You can even go kayaking in the sea, along the stretch of coastline between Nerja’s Burriana beach and Maro which features dozens of secluded caves, caverns and waterfalls. Technically, the area belongs to the Costa del Sol, rather than Granada’s Costa Tropical, but we are talking a matter of a few kilometres.

Here is a great post written by local Andalucia and Granada travel expert John Kramer who explored the route with his kids and clearly had quite the adventure!

5) Paragliding

tandem paragliding in spain, sierra nevada, granada

In case you missed it, two weeks ago I went paragliding! Thus came the inspiration to write this post. As you can probably guess it was incredible, except the bit when I nearly chundered on my pilot.

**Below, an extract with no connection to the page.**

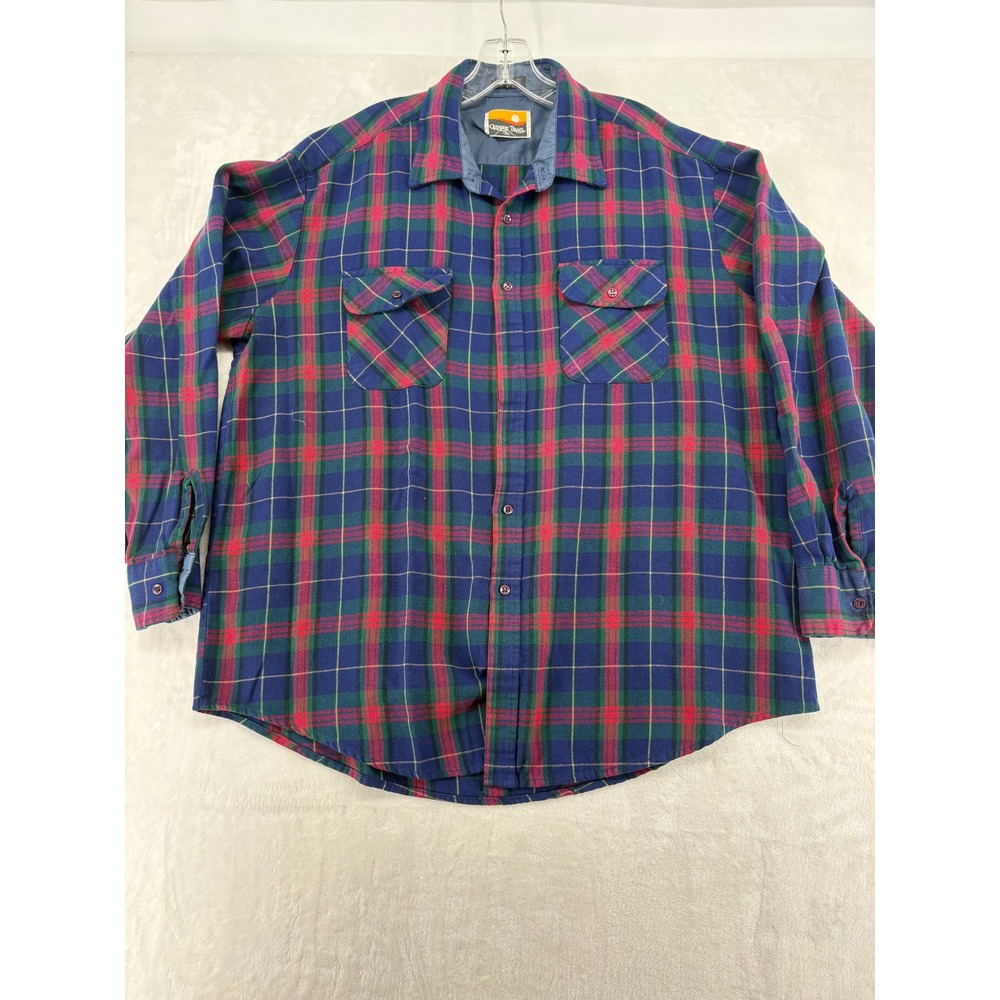 Ozark Trail Button Down Mens XL Shirt Blue Red Green Plaid Flannel Outdoor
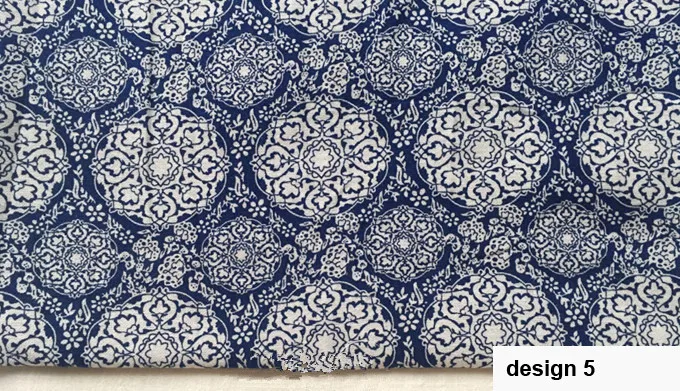Льняная хлопковая ткань лоскутное одеяло ремесла Diy шитье Tissus Китайская Этническая льняная ткань с принтом синий белый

Not only is it a wonderful experience, but it’s also surprisingly easy (and cheap!) to go paragliding in Granada. There are several operators you can find online but let me save you the trouble and straight up recommend Roman, who is not only a very cool and funny guy – he’s got years of experience too. He takes clients paragliding over Cenes de la Vega, a 15-minute drive away from Granada, and if the wind is too strong to fly the day you go there will be no charge.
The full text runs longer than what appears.